At first, I couldn’t imagine who might have stolen my pig. It was of little value. It was just a small, pink, squeezable, stuffed pig, made of vinyl and stamped with the name of the local meat processing plant. As a secretary at a large high school, I sometimes was so stressed that if it had been a real pig, a rack of pork ribs and a side of bacon might have popped out of him.
One day I noticed he was missing. I was feeling stressed and desperately needed to put the squeeze on him. I panicked. At my request, the next school day this announcement was made over the loudspeaker: “Whoever took the secretary’s stress pig, please return it ASAP.”
Not only was the pig not returned, I found on my desk the next morning a photo of the missing pig. He was hanging from a string and dangling over a toilet in mid-flush. It was just like in “The Godfathers” movie, when Jack wakes up to find the severed head of his prized horse in his bed. I was horrified! Clearly, my stress pig had been kidnapped and was in grave danger.

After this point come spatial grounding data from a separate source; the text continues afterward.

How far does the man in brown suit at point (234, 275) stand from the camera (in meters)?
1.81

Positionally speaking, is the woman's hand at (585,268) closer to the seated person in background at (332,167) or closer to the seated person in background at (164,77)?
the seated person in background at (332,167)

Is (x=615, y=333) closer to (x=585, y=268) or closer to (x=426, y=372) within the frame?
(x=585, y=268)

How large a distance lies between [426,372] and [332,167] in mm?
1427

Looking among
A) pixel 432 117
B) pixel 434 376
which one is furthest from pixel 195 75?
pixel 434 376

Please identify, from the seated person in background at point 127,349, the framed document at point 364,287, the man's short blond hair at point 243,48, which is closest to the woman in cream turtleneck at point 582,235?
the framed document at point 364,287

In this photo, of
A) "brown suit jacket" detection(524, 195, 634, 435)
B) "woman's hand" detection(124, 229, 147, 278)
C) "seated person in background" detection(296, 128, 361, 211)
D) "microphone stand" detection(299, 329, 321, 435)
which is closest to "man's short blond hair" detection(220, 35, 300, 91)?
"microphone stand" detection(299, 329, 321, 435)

The next morning brought another photo. This time my pig was lying in the road in the direct path of an oncoming steam roller, inches from being flattened.
On day three, I got the ransom note. It had been pieced together from mismatched letters cut from magazines and newspapers and glued to the page. I was instructed to leave ten thousand dollars in unmarked bills under the statue of the school mascot in the lobby if I ever hoped to see my stress pig again.
I worked with 1500 teenagers. It was clear that my pig and I had become the butt of a practical joke. I decided to go along with the gag, since there is no limit to the trouble and expense I will put out in order to get a few laughs.
I went to a local toy store and purchased several packets of toy money. I counted out the ten thousand dollars and made the ransom drop as instructed, then anxiously awaited the kidnapper’s next move. I didn’t have to wait long.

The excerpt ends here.